Es así como invitan a Rhinoceronte, banda en vivo de significativa presencia en la obra que con su uni-cuerno musical vuelve rugido de notas eso que estamos viendo. De repente, los cuerpos-mentes densos se aligeran y bailan una danza plumífera y mortal. Pero, eso no es todo, entre el baile y el ritmo-adonis, aparece otro elemento, otro despliegue, la tersura roja de la dama del violín. Ella es Marcela Falcoff violinista que subyuga a los delirantes con los gritos desesperantes de sus cuerdas, haciendo que ellos ya no sean palabras, sino resonancia.

De este modo, juntos van creando un recorrido experimental para el público que delimita una experiencia bañada de una especial energía, donde en palabras de Martínez y Samela “podés entender o no entender, perderte, pero sin duda vas a vibrar con la obra, porque el algún punto te va a resonar, te va a tocar.
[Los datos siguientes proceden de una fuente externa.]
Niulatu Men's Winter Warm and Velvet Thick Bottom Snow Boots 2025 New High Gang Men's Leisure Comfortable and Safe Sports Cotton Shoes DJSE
Y con ese tocarse ya te llego, y ahí empiezan a abrirse múltiples lecturas, un mundo de posibilidades”.

Sí, El grito del Silencio resuena, es una campanada al inconsciente profundo, y cada cual puede hacerse eco de sus propios demonios a placer y gusto. Pero cuidado, porque la puja ya está sobre el escenario. La puja entre lo quiero y debo. Pero ¿quién sabe dónde está el límite a romper? ¿quién sabe si el atemorizado huye, si sus límites son reales, soñados, fantaseados, o alucinados? Yo, no lo sé, pero cual Teseo lo único posible es adentrarse en el laberinto y rogar por que el Minotauro no sea unx mismx.

Teatro El Extranjero; Lunes a las 21; Foto: Santiago Repetto.